**Task instructions**. Where the word "SPIDER" occurs in a line of the data, return the whole line.

**Records to process**.

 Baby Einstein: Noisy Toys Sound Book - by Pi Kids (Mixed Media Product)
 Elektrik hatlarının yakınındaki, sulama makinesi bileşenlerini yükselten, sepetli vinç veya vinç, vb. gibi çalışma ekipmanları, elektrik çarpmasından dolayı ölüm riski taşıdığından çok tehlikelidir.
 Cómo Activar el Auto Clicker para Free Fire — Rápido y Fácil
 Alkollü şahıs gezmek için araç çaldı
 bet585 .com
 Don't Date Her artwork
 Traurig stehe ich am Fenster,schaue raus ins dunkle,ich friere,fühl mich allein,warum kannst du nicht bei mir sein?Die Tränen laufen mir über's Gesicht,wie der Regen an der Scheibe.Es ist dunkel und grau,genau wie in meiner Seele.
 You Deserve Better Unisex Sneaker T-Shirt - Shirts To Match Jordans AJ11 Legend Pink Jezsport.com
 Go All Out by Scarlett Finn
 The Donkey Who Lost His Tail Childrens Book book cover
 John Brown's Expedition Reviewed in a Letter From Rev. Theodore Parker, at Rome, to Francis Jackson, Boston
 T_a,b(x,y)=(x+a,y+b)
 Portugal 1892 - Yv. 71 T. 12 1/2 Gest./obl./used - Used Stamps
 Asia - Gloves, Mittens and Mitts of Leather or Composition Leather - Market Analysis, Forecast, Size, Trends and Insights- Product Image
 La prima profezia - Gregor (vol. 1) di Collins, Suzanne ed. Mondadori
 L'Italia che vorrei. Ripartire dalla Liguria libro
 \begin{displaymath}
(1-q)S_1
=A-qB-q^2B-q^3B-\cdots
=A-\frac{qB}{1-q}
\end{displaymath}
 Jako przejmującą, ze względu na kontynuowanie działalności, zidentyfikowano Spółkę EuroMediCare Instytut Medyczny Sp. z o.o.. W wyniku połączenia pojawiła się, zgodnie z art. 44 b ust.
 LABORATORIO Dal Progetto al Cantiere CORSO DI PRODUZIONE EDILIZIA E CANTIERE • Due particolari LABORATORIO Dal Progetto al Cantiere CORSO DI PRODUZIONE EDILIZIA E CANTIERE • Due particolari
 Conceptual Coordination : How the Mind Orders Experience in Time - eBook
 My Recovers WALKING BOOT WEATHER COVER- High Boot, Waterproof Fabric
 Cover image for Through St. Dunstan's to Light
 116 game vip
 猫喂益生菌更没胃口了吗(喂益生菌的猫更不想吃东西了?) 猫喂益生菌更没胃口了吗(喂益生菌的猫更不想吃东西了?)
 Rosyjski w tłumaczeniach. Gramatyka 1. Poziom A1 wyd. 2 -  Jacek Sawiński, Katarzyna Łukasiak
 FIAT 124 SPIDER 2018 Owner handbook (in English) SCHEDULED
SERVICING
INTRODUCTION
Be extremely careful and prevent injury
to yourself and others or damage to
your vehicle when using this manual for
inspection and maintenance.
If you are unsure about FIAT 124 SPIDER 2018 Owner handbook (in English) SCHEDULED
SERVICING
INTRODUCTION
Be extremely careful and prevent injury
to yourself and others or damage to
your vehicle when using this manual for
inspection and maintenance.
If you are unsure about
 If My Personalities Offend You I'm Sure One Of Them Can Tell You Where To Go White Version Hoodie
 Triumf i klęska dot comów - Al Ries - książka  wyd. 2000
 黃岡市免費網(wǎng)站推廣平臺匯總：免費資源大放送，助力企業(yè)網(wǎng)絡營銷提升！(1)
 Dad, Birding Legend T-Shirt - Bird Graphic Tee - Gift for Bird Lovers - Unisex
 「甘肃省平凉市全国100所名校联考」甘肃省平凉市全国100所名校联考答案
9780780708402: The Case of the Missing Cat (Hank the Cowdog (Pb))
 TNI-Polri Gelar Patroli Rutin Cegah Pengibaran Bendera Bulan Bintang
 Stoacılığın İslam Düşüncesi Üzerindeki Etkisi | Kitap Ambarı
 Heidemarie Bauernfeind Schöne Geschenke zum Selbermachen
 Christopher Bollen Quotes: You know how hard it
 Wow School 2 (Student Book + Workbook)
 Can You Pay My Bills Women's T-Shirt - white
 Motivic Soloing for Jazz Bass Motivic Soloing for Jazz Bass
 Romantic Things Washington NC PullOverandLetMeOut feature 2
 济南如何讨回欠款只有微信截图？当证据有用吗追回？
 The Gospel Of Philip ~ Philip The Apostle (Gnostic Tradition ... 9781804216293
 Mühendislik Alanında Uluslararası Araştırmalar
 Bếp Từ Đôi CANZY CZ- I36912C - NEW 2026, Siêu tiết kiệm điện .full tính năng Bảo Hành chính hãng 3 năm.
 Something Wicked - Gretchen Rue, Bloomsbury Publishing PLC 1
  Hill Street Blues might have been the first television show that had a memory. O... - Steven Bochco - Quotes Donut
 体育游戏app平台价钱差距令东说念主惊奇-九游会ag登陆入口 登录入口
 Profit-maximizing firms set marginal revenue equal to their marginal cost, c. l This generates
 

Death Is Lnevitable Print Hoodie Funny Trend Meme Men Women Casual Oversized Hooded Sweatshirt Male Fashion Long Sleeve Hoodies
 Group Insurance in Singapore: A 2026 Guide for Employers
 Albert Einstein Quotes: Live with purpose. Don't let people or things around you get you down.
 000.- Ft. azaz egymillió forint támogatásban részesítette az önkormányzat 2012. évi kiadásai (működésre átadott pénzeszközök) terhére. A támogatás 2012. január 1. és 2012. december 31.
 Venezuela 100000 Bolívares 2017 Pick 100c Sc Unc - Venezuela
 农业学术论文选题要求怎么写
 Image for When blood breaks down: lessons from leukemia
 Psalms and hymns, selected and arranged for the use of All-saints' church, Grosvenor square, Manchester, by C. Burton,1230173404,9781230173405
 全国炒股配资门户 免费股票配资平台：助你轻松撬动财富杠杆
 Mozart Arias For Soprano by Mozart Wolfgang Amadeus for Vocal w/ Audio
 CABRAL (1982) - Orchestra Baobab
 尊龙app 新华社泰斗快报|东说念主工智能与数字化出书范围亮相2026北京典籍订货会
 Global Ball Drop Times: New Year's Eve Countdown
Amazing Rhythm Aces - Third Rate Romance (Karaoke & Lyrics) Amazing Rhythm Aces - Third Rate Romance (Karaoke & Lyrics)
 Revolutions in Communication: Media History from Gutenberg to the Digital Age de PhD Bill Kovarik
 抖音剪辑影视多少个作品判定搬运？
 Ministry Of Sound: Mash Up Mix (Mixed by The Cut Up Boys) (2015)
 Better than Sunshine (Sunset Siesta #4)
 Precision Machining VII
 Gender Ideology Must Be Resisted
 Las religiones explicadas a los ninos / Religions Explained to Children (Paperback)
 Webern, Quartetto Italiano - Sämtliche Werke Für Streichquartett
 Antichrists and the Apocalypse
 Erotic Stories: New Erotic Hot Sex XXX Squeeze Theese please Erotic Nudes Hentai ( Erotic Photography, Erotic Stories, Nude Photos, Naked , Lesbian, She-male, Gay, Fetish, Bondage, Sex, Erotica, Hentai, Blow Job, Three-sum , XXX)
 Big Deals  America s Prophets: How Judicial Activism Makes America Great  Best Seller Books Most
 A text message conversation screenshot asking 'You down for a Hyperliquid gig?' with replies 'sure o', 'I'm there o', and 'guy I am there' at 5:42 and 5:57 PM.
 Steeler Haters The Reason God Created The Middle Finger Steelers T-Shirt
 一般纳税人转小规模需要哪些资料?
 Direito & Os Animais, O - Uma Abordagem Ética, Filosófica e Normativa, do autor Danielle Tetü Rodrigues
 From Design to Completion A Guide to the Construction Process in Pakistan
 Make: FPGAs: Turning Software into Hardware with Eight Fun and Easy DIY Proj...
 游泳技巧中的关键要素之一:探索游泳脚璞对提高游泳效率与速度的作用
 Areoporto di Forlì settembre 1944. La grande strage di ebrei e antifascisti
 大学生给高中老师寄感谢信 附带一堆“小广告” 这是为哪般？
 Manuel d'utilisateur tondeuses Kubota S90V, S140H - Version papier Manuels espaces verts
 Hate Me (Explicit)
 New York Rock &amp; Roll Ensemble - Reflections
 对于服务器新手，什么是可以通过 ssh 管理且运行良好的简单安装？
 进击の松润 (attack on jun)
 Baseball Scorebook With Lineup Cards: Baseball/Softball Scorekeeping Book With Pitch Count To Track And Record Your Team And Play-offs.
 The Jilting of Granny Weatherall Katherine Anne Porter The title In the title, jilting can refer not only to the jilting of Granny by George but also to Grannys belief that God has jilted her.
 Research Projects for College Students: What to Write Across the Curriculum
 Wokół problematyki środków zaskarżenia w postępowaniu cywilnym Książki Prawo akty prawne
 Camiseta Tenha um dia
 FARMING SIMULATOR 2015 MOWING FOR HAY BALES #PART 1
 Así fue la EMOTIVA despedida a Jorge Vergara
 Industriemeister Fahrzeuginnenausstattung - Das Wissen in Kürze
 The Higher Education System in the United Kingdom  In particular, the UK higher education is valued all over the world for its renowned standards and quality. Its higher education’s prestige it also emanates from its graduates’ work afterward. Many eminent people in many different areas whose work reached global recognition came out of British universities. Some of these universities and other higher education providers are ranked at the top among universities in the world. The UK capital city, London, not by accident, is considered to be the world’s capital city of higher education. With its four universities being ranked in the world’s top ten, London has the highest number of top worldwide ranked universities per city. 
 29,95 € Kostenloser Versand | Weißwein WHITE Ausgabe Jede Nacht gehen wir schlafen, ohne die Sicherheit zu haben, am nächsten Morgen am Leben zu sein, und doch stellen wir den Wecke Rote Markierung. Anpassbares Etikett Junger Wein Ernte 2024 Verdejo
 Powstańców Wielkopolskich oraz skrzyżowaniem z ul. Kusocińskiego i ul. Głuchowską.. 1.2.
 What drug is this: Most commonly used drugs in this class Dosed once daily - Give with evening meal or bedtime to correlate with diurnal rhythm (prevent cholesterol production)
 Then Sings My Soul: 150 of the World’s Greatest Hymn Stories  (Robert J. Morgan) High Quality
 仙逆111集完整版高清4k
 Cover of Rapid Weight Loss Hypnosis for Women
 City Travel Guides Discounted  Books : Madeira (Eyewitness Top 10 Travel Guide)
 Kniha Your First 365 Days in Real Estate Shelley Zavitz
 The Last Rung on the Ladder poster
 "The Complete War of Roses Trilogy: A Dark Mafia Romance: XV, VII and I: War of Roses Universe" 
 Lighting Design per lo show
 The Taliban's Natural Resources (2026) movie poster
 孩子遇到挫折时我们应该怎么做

**Task result**.
 FIAT 124 SPIDER 2018 Owner handbook (in English) SCHEDULED
If you are unsure about FIAT 124 SPIDER 2018 Owner handbook (in English) SCHEDULED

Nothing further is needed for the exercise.